Place the chicken in a large saucepan and just cover with lightly salted water. Add the clove studded onion, 2 cloves peeled garlic, peppercorns, cumin seed, and oregano. Bring to a boil over medium heat, skim off any foam that rises, reduce heat, cover and simmer for 45 minutes. Remove meat and broth, reserving both.

Ingredients

  • 4 cups Hominy, either rehydrated from dry or canned
  • 5 cups Chicken Broth, reserved from cooking legs and thighs
  • 1 Onion, finely chopped
  • 2 Garlic Cloves, minced
  • 2 tablespoons Olive Oil
  • 1 cup Green Chile Pepper, chopped
  • 2 whole Jalapeno Pepper

Step 2

Sauté the chopped onion and garlic in oil until translucent. Add the remaining spices, stir for a minute. Cut the reserved chicken that was stripped from the bones into 1 inch cubes and add to the pan.

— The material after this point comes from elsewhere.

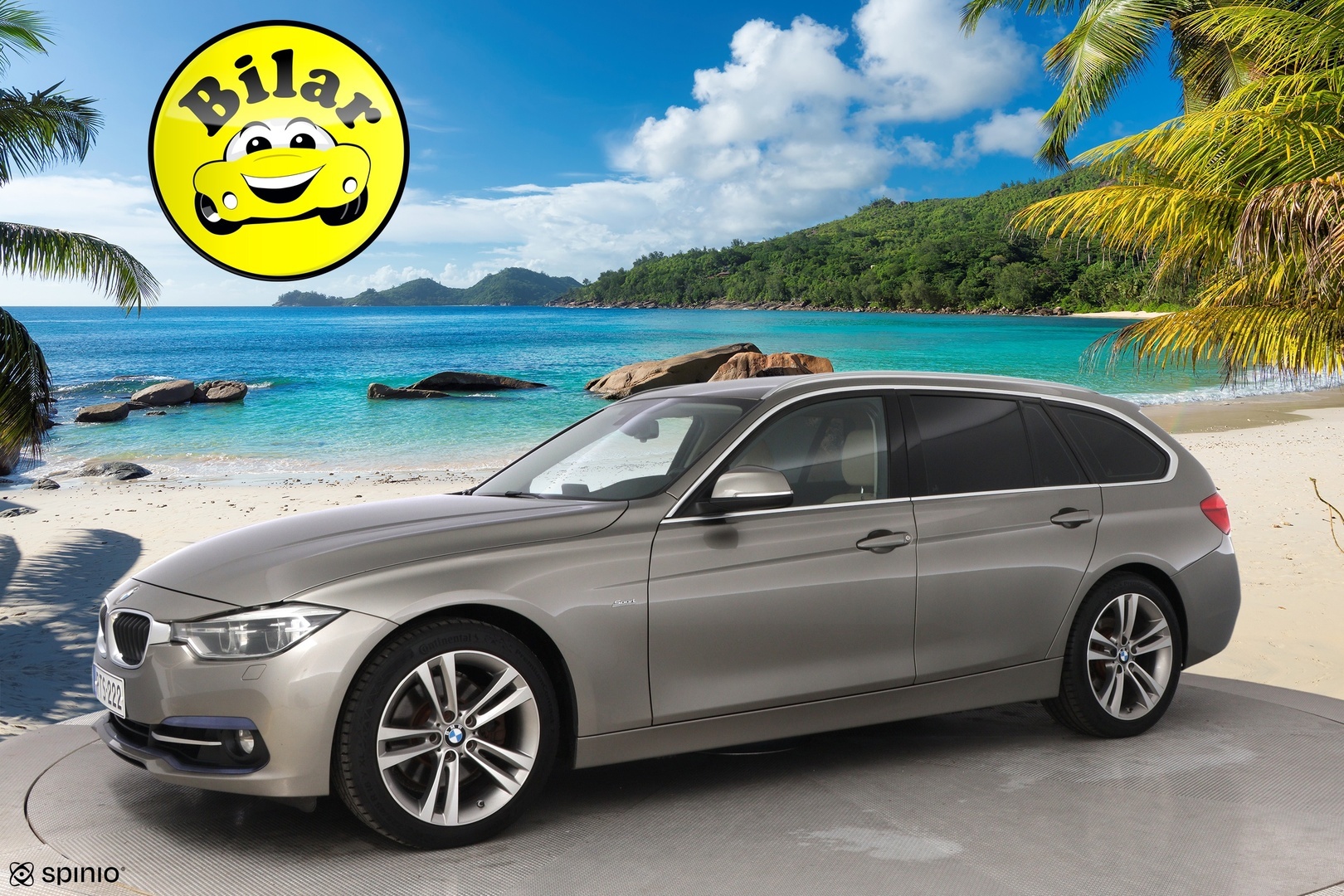 BMW 330 2018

Stir in the canned hominy, chicken broth, green chilies and jalapenos (optional).

Ingredients

  • 12 teaspoon Ground Black Pepper, Ground Cumin, Cloves, and Cayenne Pepper each.
  • Salt and Pepper, to taste

Step 3

Cook at a simmer, covered, for 45 minutes until the flavors have married, I usually add a few dried red guajillo chiles or dried red serranos to the boil, taste for salt, and serve in soup bowls, with some diced onion a squeeze of lime some cilantro if you want and some crackers or corn tortillas on the side. A good point to remember is this soup is way better the next day.
 

Step 4

Serve with warm corn or flour tortillas some chopped onion and lime wedges and additional chile sauced as a condiment.